*Your goal:*
Which lines of the data contain the string "Patient"? Show each of them.

.....

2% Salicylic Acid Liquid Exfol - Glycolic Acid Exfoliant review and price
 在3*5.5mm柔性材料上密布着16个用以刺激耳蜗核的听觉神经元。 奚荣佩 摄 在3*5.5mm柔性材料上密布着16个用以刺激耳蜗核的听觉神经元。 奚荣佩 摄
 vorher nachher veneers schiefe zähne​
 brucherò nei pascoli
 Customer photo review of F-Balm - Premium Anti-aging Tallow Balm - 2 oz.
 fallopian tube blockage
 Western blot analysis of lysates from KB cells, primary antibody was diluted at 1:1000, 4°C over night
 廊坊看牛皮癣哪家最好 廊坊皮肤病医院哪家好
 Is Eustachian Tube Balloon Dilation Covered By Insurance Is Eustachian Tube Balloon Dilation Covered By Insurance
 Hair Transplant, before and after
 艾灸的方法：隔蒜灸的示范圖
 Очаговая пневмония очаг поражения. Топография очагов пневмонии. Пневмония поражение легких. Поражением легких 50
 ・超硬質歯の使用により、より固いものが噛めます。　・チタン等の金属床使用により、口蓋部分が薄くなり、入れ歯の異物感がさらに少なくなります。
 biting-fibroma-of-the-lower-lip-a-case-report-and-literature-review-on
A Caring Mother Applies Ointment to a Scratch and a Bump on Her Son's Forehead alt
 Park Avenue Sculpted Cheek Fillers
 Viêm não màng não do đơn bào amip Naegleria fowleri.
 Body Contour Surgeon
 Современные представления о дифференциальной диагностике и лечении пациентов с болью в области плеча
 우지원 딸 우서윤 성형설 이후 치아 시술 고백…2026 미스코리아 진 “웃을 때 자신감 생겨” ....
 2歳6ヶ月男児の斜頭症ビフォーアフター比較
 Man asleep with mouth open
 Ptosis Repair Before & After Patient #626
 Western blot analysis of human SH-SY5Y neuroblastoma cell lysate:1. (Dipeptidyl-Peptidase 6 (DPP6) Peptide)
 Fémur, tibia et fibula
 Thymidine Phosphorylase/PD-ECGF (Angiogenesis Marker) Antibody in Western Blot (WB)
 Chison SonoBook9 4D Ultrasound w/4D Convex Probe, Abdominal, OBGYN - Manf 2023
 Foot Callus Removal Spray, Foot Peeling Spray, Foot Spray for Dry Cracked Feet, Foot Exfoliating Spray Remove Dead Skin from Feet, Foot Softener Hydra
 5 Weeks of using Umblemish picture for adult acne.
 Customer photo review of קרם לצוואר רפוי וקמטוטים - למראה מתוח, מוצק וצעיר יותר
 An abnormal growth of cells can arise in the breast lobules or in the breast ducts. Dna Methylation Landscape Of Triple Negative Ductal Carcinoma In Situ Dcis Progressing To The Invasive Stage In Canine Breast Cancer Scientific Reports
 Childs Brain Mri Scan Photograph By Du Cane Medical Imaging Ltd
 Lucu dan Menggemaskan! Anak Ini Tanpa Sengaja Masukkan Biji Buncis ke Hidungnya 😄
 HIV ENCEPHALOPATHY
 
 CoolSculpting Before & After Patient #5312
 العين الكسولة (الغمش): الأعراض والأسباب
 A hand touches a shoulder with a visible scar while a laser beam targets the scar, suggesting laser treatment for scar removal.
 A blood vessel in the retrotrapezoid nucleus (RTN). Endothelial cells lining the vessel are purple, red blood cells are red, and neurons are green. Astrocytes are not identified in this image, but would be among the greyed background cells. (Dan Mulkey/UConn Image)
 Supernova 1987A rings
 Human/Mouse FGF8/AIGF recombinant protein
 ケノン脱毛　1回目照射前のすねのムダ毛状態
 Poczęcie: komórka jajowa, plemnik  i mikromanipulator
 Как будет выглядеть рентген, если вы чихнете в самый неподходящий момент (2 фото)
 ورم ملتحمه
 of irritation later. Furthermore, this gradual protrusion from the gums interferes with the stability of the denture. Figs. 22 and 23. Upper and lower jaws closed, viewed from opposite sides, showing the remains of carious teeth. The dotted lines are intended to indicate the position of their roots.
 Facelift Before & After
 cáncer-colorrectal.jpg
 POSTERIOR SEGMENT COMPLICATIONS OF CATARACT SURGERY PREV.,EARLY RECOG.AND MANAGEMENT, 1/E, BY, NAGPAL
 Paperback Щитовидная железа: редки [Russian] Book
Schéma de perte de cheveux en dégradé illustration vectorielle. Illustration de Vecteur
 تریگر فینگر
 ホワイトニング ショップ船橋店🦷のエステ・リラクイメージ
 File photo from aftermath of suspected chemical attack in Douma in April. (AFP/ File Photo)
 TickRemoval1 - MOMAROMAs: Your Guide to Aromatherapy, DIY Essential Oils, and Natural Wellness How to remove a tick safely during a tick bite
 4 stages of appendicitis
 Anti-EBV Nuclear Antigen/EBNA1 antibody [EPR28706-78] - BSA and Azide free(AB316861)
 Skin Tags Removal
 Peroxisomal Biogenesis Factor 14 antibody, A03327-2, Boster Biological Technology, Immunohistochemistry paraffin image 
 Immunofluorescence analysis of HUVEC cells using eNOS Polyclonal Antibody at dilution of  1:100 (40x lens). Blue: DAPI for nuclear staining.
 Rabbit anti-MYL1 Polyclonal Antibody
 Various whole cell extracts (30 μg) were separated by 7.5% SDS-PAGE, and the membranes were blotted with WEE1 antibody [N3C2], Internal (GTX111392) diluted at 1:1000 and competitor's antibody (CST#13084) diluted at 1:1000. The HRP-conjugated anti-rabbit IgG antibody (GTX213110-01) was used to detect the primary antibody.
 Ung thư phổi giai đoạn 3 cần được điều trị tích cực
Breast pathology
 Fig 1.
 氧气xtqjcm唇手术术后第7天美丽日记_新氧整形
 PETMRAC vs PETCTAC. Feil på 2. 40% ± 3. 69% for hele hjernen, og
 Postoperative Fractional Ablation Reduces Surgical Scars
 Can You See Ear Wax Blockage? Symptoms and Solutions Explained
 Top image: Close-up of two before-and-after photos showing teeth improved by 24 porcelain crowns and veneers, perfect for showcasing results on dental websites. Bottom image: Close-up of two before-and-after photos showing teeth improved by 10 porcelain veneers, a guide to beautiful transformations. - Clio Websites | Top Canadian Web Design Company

.....

*Solved exercise:*
 Ptosis Repair Before & After Patient #626
 CoolSculpting Before & After Patient #5312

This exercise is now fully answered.